The required operational data is selectively extracted from the source systems and buffered on the entry level of the DWH (staging area). The extraction is usually made at regular intervals (daily, monthly, …) and at fixed dates (e.g. after final daily processing). Data is incrementally prepared, standardized and transformed in the target data structure within the DWH. The target data model is afterwards persisted whereas the initial data is usually overwritten with the next loading. Analyses exclusively access the target data model that comprises a consolidated view on the corresponding data warehouse. A relational database management system with a standardized SQL access for queries serves as a technical basis for a traditional data warehouse.
However, this concept reaches its limits with an increasing scope of requirements.

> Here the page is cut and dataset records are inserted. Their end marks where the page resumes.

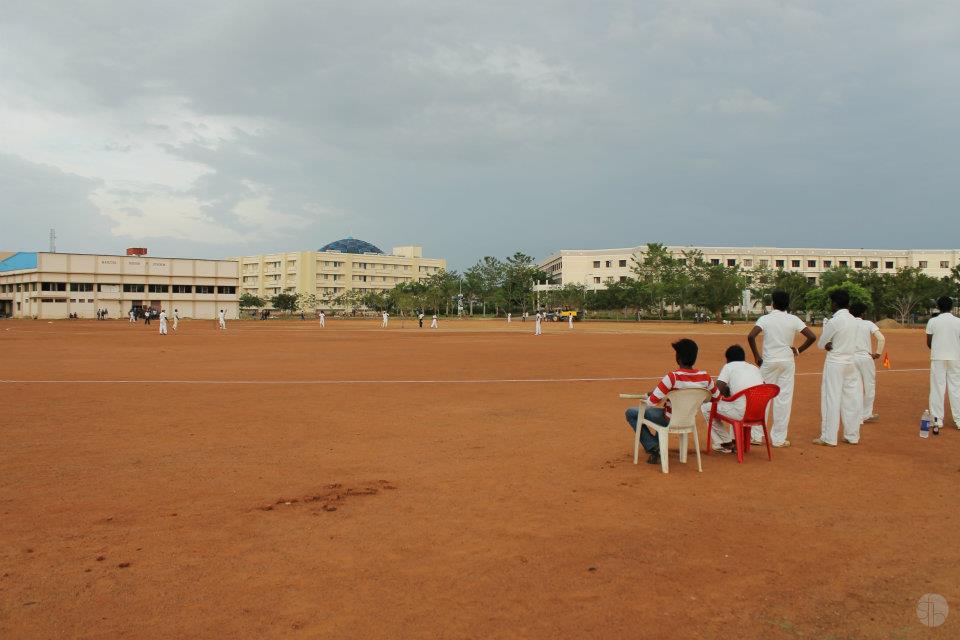 Shanmugha Arts, Science, Technology & Research Academy (SASTRA) University photo 1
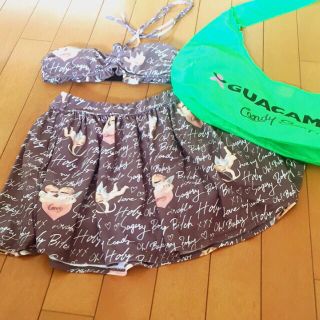 Candy Stripper(水着)のフリマアイテム一覧 Candy Stripper(水着)のフリマアイテム一覧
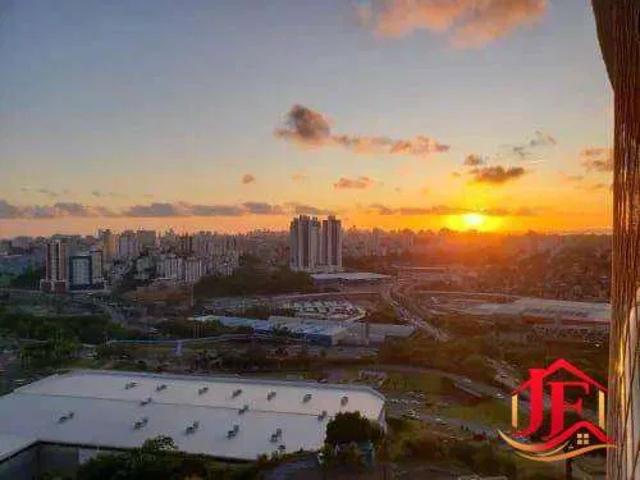 Apartamento para Venda em Salvador/BA Horto Bela Vista 3 Quartos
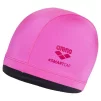 Шапка для плавання Arena SMARTCAP JUNIOR рожевий Діт OSFM - 2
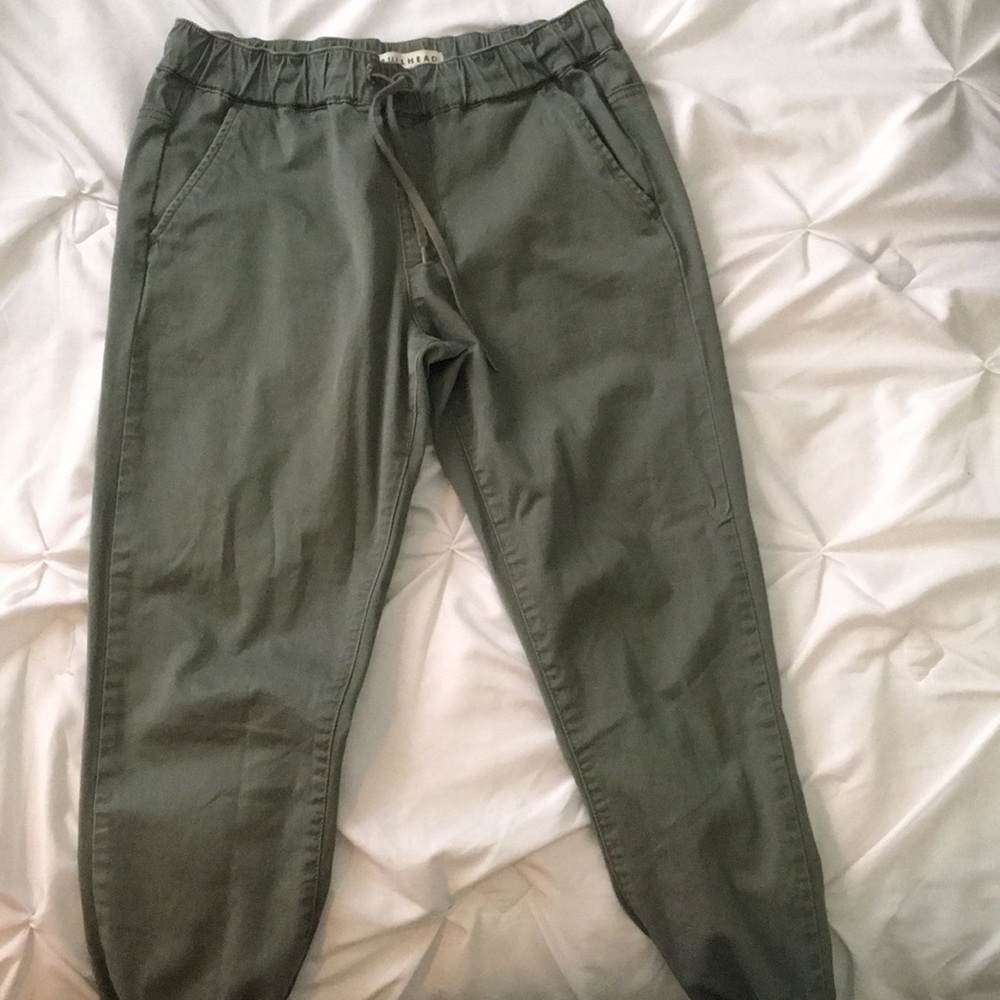Bullhead joggers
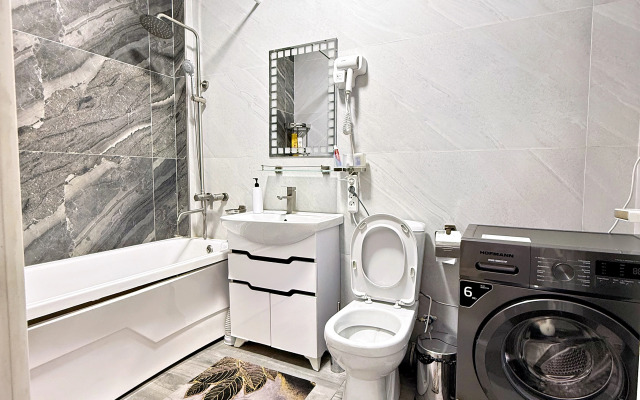 Апартаменты жилой комплекс Узбегим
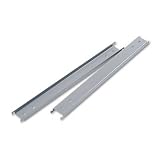 HON COMPANY / Double cross rails for 42 wide lateral files, gray, 2/pack / HON919492 / Sold as 1 Pack / Mfr Part # 919492 \*/ Double cross rails for 42 wide lateral files, gray, 2/pack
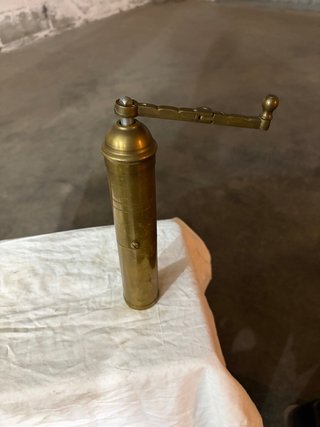 Macina Caffè Ottone Vintage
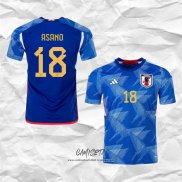Primera Camiseta Japon Jugador Asano 2022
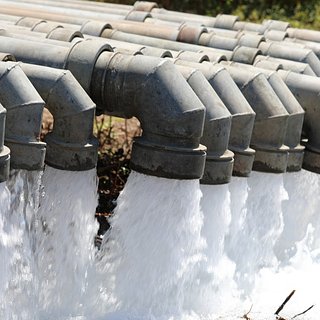 Аксенов оценил заполняемость водохранилищ в Крыму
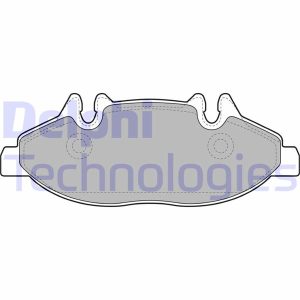 FREN BALATASI ON MERCEDES VITO W639 03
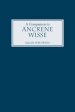 A Companion to "Ancrene Wisse"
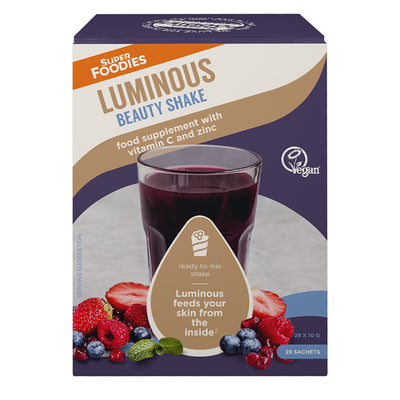 Luminous On The Go 28 Sachet Pack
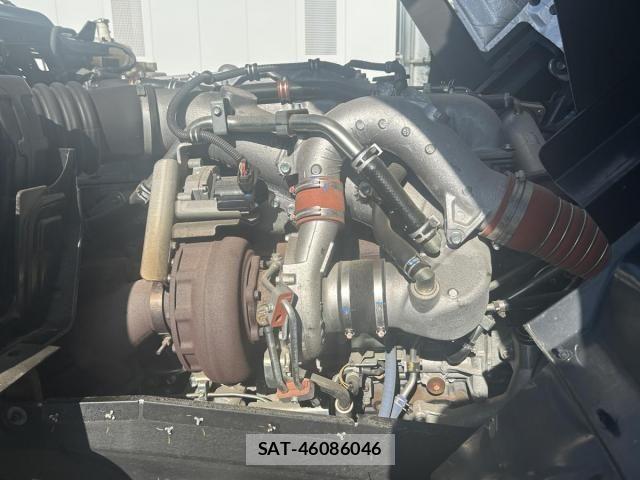 Isuzu GIGA 2015-12 695715-12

- High level of implementation efforts: The transformation and standardization of the initial data in a harmonized data model represent the core of the DWH concept. This procedure leads to a comparatively high level of implementation efforts since the target data model has first to be elaborated and discussed at large. Afterwards, each transformation has to be described in terms of its concept, implemented and tested before specific analysis can be conducted.
- Restricted flexibility: Solely the target data model defined beforehand is available for the analysis in the traditional data warehouse. A flexible integration of additional data sources, e.g. for ad-hoc analyses is usually not possible and has to be conducted outside the DWH environment.
- No raw data: The aim of a data warehouse is the standardization and similar mapping of comparable issues in order to simplify analyses at a later stage. This often makes sense for regulatory issues or in the fields of bank management (e.g. standardized mapping of all credits) but contradicts more operational requirements where detailed information on individual products is required (e.g. specific conditions for construction financing).
- Data volume: Basically, data warehouses can deal with huge amounts of data, however, need special database and storage hardware if the scope increases. Thus, the costs typically grow exponentially in case of major data volumes.
Data lake: First load, then transform
The data lake concept provides a remedy by making all required data for analysis purposes available at one place in a central and unchanged manner. In the next step only, a selective data preparation within specific analyses takes place. In this context, performing, flexible and cost-efficient processing is to be ensured by using big data technologies.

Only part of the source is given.